It's only a couple of generations ago that Anzac Day was commemorated in a very solemn way.
The huge majority of New Zealanders at parades in the 1950s, 60s and 70s were "returned men" from the Boer War, World War I and World War II who had experienced conflict first-hand. Anzac Day was a complete shutdown from everyday activities.
Then in the 1970s the dominant male hold on the day began to lessen. Amid claims that war was being glorified the day became effectively a half-holiday, with the morning devoted to remembrance and the afternoon having a sporting and cultural focus to ensure it remained relevant for the emerging generations.

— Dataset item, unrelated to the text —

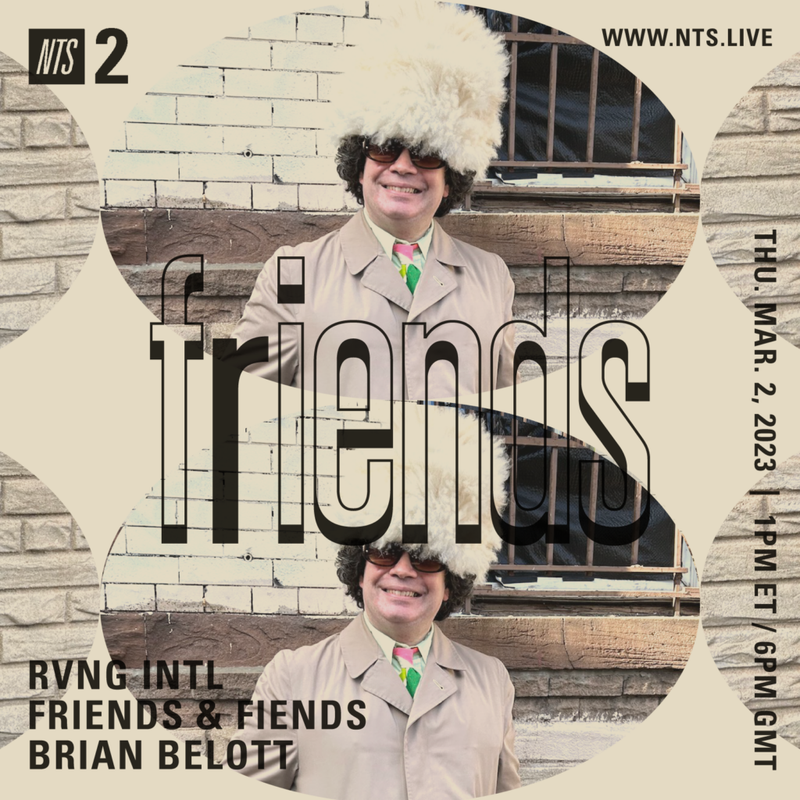RVNG Intl. Presents Friends & Fiends: Brian Belott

These moves, around 50 years ago, were not met with universal support from the war-time generations. But the changes to Anzac Day, bold at the time, ensured the annual commemoration of the widest possible range of wartime sacrifices would never be forgotten.
We are now remembering our Anzacs another two generations on from those radical changes, yet the remembrance on this special day still touches the hearts of our younger generations - as last year's end-of-driveway suburban commemorations during lockdown showed us.
The forced 70-day closure of the National Army Museum during Covid-19 gave our education team a chance to re-assess our objectives for the museum. The saying "children are our future" could not be more relevant for us as the new Aotearoa NZ Histories curriculum is rolled out.
Back in 2019, through the Education Conversation / Kōrero Mātauranga, our Ministry of Education heard clearly from the education sector, and the wider public, that gaps in knowledge of our Aotearoa New Zealand histories is not OK. As a result, we now have a New Zealand Histories draft curriculum, and huge momentum is building to the implementation across all our school/kura in 2022.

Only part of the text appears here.